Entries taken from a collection
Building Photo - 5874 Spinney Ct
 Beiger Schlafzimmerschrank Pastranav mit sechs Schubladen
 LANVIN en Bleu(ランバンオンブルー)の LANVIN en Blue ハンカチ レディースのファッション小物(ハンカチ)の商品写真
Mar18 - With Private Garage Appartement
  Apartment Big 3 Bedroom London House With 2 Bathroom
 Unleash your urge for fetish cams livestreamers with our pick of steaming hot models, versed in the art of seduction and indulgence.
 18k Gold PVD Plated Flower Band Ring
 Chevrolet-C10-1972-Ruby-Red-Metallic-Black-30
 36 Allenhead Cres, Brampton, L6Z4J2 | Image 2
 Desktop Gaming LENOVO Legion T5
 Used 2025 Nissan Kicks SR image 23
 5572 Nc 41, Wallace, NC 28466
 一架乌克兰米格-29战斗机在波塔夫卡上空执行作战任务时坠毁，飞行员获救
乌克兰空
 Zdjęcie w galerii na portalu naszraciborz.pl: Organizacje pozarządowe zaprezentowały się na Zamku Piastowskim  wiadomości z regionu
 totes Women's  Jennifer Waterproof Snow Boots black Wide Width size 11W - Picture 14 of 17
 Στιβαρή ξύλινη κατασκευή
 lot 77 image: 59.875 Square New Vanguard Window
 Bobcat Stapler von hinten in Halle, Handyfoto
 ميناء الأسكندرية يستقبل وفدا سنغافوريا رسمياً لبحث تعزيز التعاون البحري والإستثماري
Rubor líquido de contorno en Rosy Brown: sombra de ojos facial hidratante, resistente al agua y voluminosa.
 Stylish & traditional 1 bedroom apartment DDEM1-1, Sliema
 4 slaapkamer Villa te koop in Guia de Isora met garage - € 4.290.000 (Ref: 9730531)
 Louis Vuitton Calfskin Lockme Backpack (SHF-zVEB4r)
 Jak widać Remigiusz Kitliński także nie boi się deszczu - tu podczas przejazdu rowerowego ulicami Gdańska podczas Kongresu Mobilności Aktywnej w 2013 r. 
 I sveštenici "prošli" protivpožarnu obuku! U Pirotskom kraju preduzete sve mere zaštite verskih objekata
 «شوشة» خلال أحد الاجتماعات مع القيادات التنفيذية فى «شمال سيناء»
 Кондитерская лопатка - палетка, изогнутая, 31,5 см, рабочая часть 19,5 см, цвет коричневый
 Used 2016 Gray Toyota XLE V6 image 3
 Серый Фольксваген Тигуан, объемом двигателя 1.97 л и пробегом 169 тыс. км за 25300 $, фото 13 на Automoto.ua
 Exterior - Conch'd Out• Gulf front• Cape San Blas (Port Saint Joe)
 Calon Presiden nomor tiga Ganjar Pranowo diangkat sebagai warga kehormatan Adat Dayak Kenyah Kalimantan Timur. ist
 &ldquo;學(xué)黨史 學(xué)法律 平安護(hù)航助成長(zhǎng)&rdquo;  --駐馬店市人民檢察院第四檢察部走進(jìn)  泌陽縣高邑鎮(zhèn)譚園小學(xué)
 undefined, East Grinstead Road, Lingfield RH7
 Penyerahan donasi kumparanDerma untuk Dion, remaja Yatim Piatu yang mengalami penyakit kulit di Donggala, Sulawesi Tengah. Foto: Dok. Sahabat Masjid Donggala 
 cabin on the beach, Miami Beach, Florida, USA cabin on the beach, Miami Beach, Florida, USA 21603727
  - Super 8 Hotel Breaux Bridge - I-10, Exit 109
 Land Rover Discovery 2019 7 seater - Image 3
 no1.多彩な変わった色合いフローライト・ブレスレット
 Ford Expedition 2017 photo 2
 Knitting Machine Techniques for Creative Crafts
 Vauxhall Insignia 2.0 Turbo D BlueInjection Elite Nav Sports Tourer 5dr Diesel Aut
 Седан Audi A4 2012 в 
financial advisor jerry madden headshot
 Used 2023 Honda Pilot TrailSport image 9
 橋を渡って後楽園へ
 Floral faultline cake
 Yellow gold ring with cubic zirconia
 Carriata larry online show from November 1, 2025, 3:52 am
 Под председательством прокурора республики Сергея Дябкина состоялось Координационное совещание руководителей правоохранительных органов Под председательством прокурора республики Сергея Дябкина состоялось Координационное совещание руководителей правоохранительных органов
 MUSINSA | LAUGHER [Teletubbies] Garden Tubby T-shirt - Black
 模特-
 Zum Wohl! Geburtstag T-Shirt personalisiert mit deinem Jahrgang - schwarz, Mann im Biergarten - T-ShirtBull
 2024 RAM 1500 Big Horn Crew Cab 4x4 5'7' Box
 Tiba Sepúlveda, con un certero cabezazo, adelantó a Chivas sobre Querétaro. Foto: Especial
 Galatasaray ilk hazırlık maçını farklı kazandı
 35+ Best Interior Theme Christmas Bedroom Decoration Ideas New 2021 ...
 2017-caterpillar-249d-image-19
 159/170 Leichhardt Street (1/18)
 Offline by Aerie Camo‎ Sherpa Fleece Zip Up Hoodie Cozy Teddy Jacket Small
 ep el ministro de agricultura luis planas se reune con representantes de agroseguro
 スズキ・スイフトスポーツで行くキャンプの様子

→ **EXERCISE INSTRUCTIONS**:
None of the lines above may be skipped. Transcribe each one exactly.

→ **EXPECTED ANSWER**:
Building Photo - 5874 Spinney Ct
 Beiger Schlafzimmerschrank Pastranav mit sechs Schubladen
 LANVIN en Bleu(ランバンオンブルー)の LANVIN en Blue ハンカチ レディースのファッション小物(ハンカチ)の商品写真
Mar18 - With Private Garage Appartement
  Apartment Big 3 Bedroom London House With 2 Bathroom
 Unleash your urge for fetish cams livestreamers with our pick of steaming hot models, versed in the art of seduction and indulgence.
 18k Gold PVD Plated Flower Band Ring
 Chevrolet-C10-1972-Ruby-Red-Metallic-Black-30
 36 Allenhead Cres, Brampton, L6Z4J2 | Image 2
 Desktop Gaming LENOVO Legion T5
 Used 2025 Nissan Kicks SR image 23
 5572 Nc 41, Wallace, NC 28466
 一架乌克兰米格-29战斗机在波塔夫卡上空执行作战任务时坠毁，飞行员获救
乌克兰空
 Zdjęcie w galerii na portalu naszraciborz.pl: Organizacje pozarządowe zaprezentowały się na Zamku Piastowskim  wiadomości z regionu
 totes Women's  Jennifer Waterproof Snow Boots black Wide Width size 11W - Picture 14 of 17
 Στιβαρή ξύλινη κατασκευή
 lot 77 image: 59.875 Square New Vanguard Window
 Bobcat Stapler von hinten in Halle, Handyfoto
 ميناء الأسكندرية يستقبل وفدا سنغافوريا رسمياً لبحث تعزيز التعاون البحري والإستثماري
Rubor líquido de contorno en Rosy Brown: sombra de ojos facial hidratante, resistente al agua y voluminosa.
 Stylish & traditional 1 bedroom apartment DDEM1-1, Sliema
 4 slaapkamer Villa te koop in Guia de Isora met garage - € 4.290.000 (Ref: 9730531)
 Louis Vuitton Calfskin Lockme Backpack (SHF-zVEB4r)
 Jak widać Remigiusz Kitliński także nie boi się deszczu - tu podczas przejazdu rowerowego ulicami Gdańska podczas Kongresu Mobilności Aktywnej w 2013 r. 
 I sveštenici "prošli" protivpožarnu obuku! U Pirotskom kraju preduzete sve mere zaštite verskih objekata
 «شوشة» خلال أحد الاجتماعات مع القيادات التنفيذية فى «شمال سيناء»
 Кондитерская лопатка - палетка, изогнутая, 31,5 см, рабочая часть 19,5 см, цвет коричневый
 Used 2016 Gray Toyota XLE V6 image 3
 Серый Фольксваген Тигуан, объемом двигателя 1.97 л и пробегом 169 тыс. км за 25300 $, фото 13 на Automoto.ua
 Exterior - Conch'd Out• Gulf front• Cape San Blas (Port Saint Joe)
 Calon Presiden nomor tiga Ganjar Pranowo diangkat sebagai warga kehormatan Adat Dayak Kenyah Kalimantan Timur. ist
 &ldquo;學(xué)黨史 學(xué)法律 平安護(hù)航助成長(zhǎng)&rdquo;  --駐馬店市人民檢察院第四檢察部走進(jìn)  泌陽縣高邑鎮(zhèn)譚園小學(xué)
 undefined, East Grinstead Road, Lingfield RH7
 Penyerahan donasi kumparanDerma untuk Dion, remaja Yatim Piatu yang mengalami penyakit kulit di Donggala, Sulawesi Tengah. Foto: Dok. Sahabat Masjid Donggala 
 cabin on the beach, Miami Beach, Florida, USA cabin on the beach, Miami Beach, Florida, USA 21603727
  - Super 8 Hotel Breaux Bridge - I-10, Exit 109
 Land Rover Discovery 2019 7 seater - Image 3
 no1.多彩な変わった色合いフローライト・ブレスレット
 Ford Expedition 2017 photo 2
 Knitting Machine Techniques for Creative Crafts
 Vauxhall Insignia 2.0 Turbo D BlueInjection Elite Nav Sports Tourer 5dr Diesel Aut
 Седан Audi A4 2012 в 
financial advisor jerry madden headshot
 Used 2023 Honda Pilot TrailSport image 9
 橋を渡って後楽園へ
 Floral faultline cake
 Yellow gold ring with cubic zirconia
 Carriata larry online show from November 1, 2025, 3:52 am
 Под председательством прокурора республики Сергея Дябкина состоялось Координационное совещание руководителей правоохранительных органов Под председательством прокурора республики Сергея Дябкина состоялось Координационное совещание руководителей правоохранительных органов
 MUSINSA | LAUGHER [Teletubbies] Garden Tubby T-shirt - Black
 模特-
 Zum Wohl! Geburtstag T-Shirt personalisiert mit deinem Jahrgang - schwarz, Mann im Biergarten - T-ShirtBull
 2024 RAM 1500 Big Horn Crew Cab 4x4 5'7' Box
 Tiba Sepúlveda, con un certero cabezazo, adelantó a Chivas sobre Querétaro. Foto: Especial
 Galatasaray ilk hazırlık maçını farklı kazandı
 35+ Best Interior Theme Christmas Bedroom Decoration Ideas New 2021 ...
 2017-caterpillar-249d-image-19
 159/170 Leichhardt Street (1/18)
 Offline by Aerie Camo‎ Sherpa Fleece Zip Up Hoodie Cozy Teddy Jacket Small
 ep el ministro de agricultura luis planas se reune con representantes de agroseguro
 スズキ・スイフトスポーツで行くキャンプの様子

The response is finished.